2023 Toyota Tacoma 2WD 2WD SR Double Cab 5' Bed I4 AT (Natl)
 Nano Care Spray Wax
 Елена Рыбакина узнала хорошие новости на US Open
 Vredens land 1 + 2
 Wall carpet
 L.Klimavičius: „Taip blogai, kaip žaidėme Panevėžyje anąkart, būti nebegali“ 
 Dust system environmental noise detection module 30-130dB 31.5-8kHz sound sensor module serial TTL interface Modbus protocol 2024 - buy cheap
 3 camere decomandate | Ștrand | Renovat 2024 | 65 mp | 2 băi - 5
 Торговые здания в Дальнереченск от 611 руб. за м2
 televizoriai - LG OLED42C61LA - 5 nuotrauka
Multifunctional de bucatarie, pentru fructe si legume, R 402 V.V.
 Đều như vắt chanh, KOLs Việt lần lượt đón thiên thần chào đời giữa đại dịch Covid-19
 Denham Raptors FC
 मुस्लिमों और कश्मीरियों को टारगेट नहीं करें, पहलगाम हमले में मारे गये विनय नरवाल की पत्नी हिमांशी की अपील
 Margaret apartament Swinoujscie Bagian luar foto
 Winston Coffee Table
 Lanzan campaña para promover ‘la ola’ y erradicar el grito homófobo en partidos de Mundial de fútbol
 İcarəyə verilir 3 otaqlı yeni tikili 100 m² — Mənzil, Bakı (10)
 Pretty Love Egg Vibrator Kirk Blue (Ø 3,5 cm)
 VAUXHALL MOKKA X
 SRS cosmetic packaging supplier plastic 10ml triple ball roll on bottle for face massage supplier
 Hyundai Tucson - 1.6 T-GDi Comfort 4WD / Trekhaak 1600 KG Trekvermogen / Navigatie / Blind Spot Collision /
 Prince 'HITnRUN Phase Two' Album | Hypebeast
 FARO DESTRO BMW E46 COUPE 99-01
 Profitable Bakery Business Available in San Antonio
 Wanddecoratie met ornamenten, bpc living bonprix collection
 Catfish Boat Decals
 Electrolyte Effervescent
++++++
The task:
Return only the lines from the beginning of the material up to and including the line with "Wanddecoratie met ornamenten, bpc", exactly as written.

Result:
2023 Toyota Tacoma 2WD 2WD SR Double Cab 5' Bed I4 AT (Natl)
 Nano Care Spray Wax
 Елена Рыбакина узнала хорошие новости на US Open
 Vredens land 1 + 2
 Wall carpet
 L.Klimavičius: „Taip blogai, kaip žaidėme Panevėžyje anąkart, būti nebegali“ 
 Dust system environmental noise detection module 30-130dB 31.5-8kHz sound sensor module serial TTL interface Modbus protocol 2024 - buy cheap
 3 camere decomandate | Ștrand | Renovat 2024 | 65 mp | 2 băi - 5
 Торговые здания в Дальнереченск от 611 руб. за м2
 televizoriai - LG OLED42C61LA - 5 nuotrauka
Multifunctional de bucatarie, pentru fructe si legume, R 402 V.V.
 Đều như vắt chanh, KOLs Việt lần lượt đón thiên thần chào đời giữa đại dịch Covid-19
 Denham Raptors FC
 मुस्लिमों और कश्मीरियों को टारगेट नहीं करें, पहलगाम हमले में मारे गये विनय नरवाल की पत्नी हिमांशी की अपील
 Margaret apartament Swinoujscie Bagian luar foto
 Winston Coffee Table
 Lanzan campaña para promover ‘la ola’ y erradicar el grito homófobo en partidos de Mundial de fútbol
 İcarəyə verilir 3 otaqlı yeni tikili 100 m² — Mənzil, Bakı (10)
 Pretty Love Egg Vibrator Kirk Blue (Ø 3,5 cm)
 VAUXHALL MOKKA X
 SRS cosmetic packaging supplier plastic 10ml triple ball roll on bottle for face massage supplier
 Hyundai Tucson - 1.6 T-GDi Comfort 4WD / Trekhaak 1600 KG Trekvermogen / Navigatie / Blind Spot Collision /
 Prince 'HITnRUN Phase Two' Album | Hypebeast
 FARO DESTRO BMW E46 COUPE 99-01
 Profitable Bakery Business Available in San Antonio
 Wanddecoratie met ornamenten, bpc living bonprix collection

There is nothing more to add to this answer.